╔══

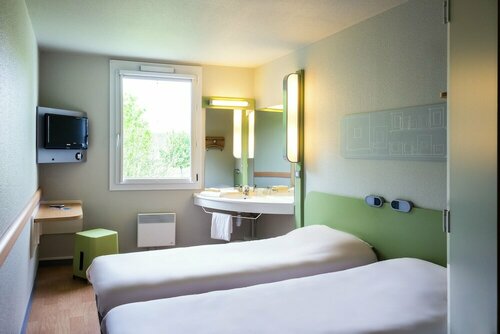 Гостиница Ibis budget Courbevoie Paris la Defense 1 в Нейи-сюре-Сене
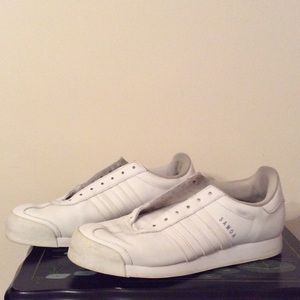 Adidas Samoa. Size Women's 11; Men's 9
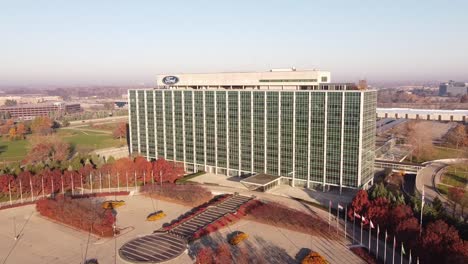 Ford-Motor-Company-World-Headquarters-Auch-Bekannt-Als-Das-Glashaus-Im-Herbst-In-Dearborn,-Michigan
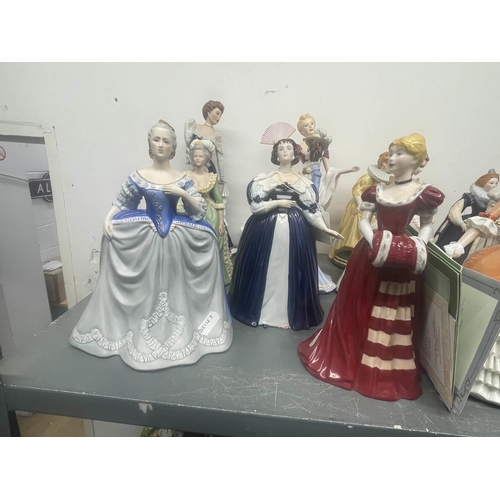 225 - Ceramics: Franklin Mint figures, 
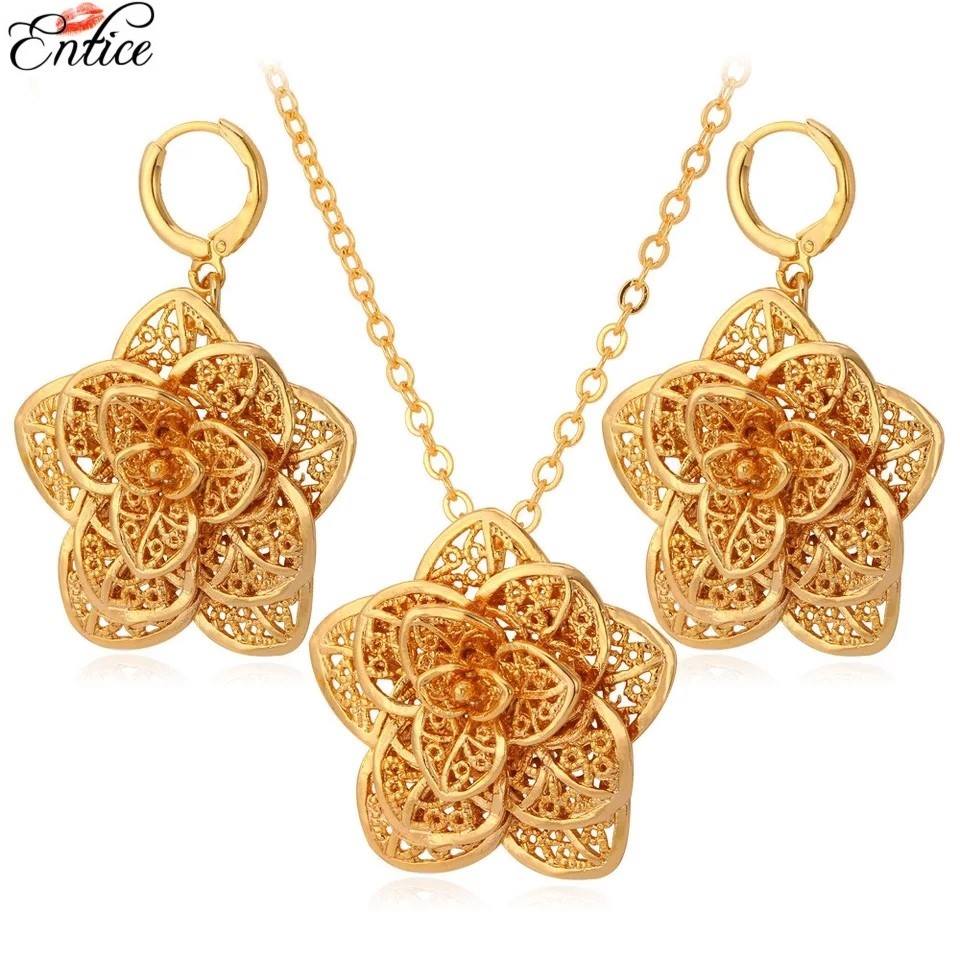 Rose Necklace Set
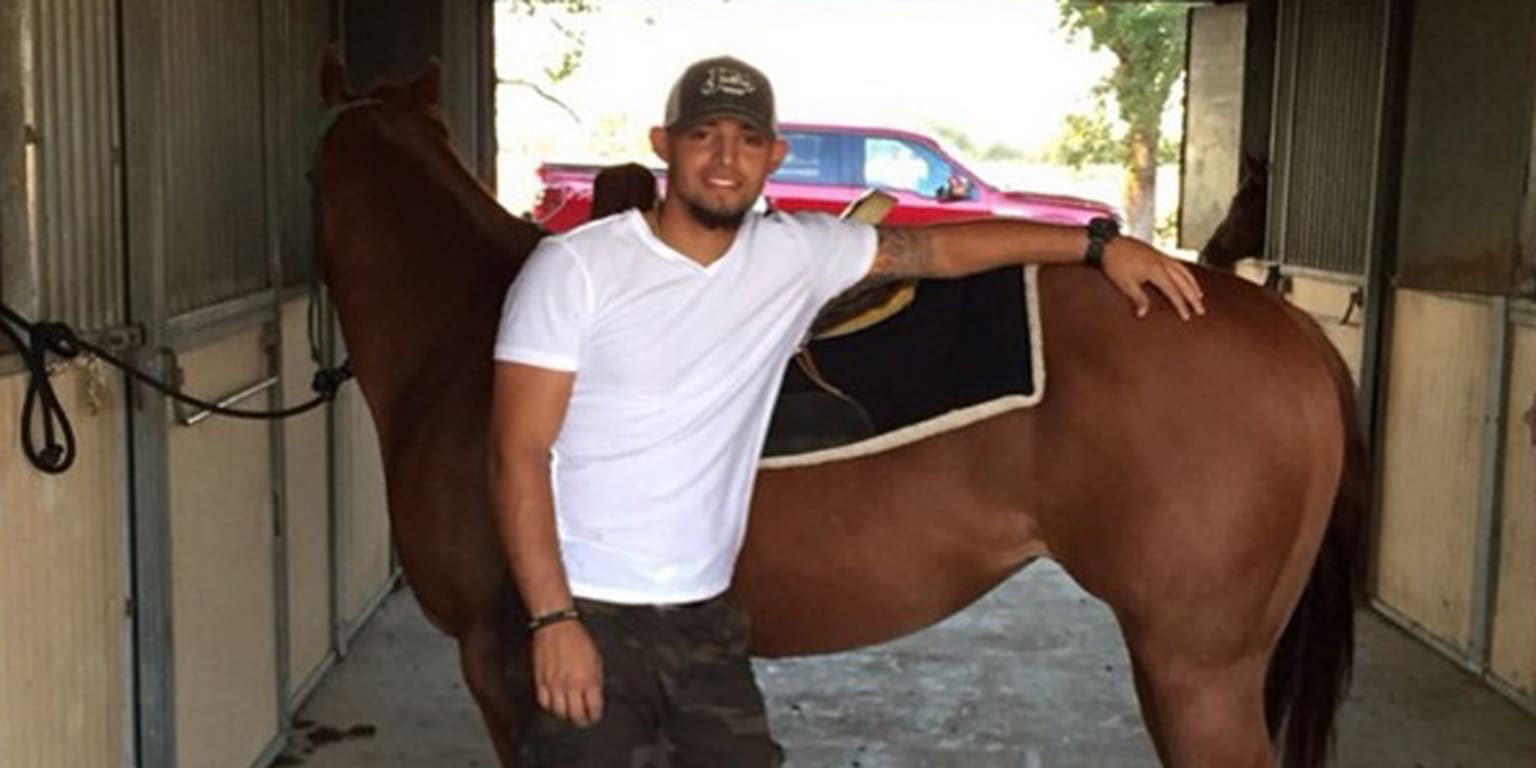 LOOK: Rougned Odor hops like kangaroo from dugout on homer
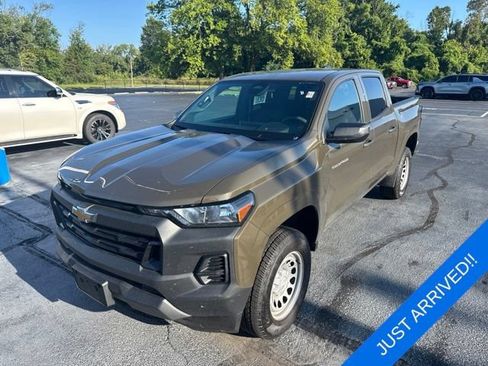 Used 2024 Chevrolet Colorado W/T RWD image 1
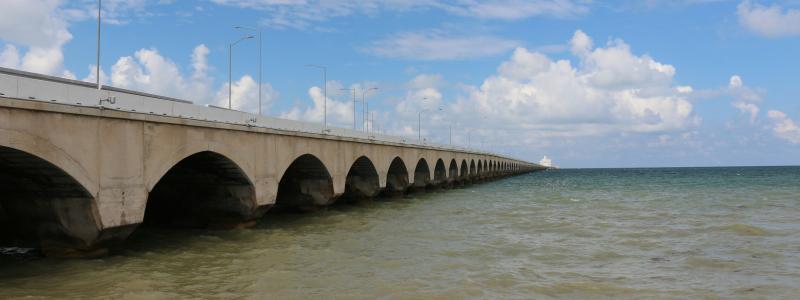 Öresundsbron invigdes år 2000 och har sedan dess blivit en central del av den gränsöverskridande infrastrukturen mellan Danmark och Sverige.Foto: Tulip Sunflower/Unsplash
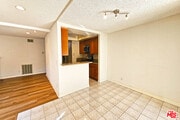 Photo - 5800 Owensmouth Ave Unit 13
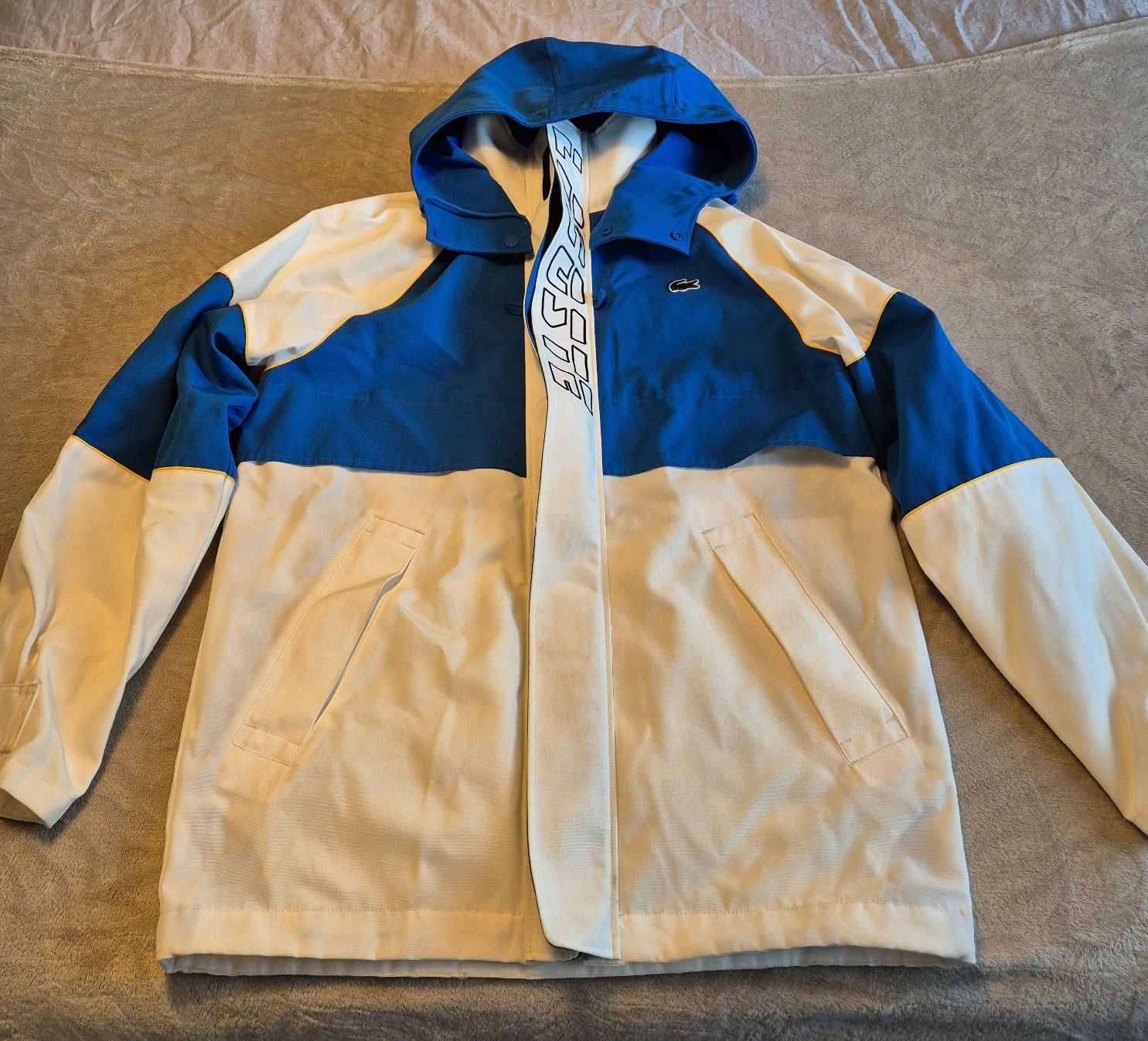 Lacoste Giacche: Lacoste veste d'hiver – Nuovo (secondo la descrizione) da Oron-la-Ville venduto da n_a_t_e_a_g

╚══

**What the task requires:**
Could the entries above be copied out exactly, with no pictures included?

**Written answer:**
 Гостиница Ibis budget Courbevoie Paris la Defense 1 в Нейи-сюре-Сене
 Adidas Samoa. Size Women's 11; Men's 9
 Ford-Motor-Company-World-Headquarters-Auch-Bekannt-Als-Das-Glashaus-Im-Herbst-In-Dearborn,-Michigan
 225 - Ceramics: Franklin Mint figures, 
 Rose Necklace Set
 LOOK: Rougned Odor hops like kangaroo from dugout on homer
 Used 2024 Chevrolet Colorado W/T RWD image 1
 Öresundsbron invigdes år 2000 och har sedan dess blivit en central del av den gränsöverskridande infrastrukturen mellan Danmark och Sverige.Foto: Tulip Sunflower/Unsplash
 Photo - 5800 Owensmouth Ave Unit 13
 Lacoste Giacche: Lacoste veste d'hiver – Nuovo (secondo la descrizione) da Oron-la-Ville venduto da n_a_t_e_a_g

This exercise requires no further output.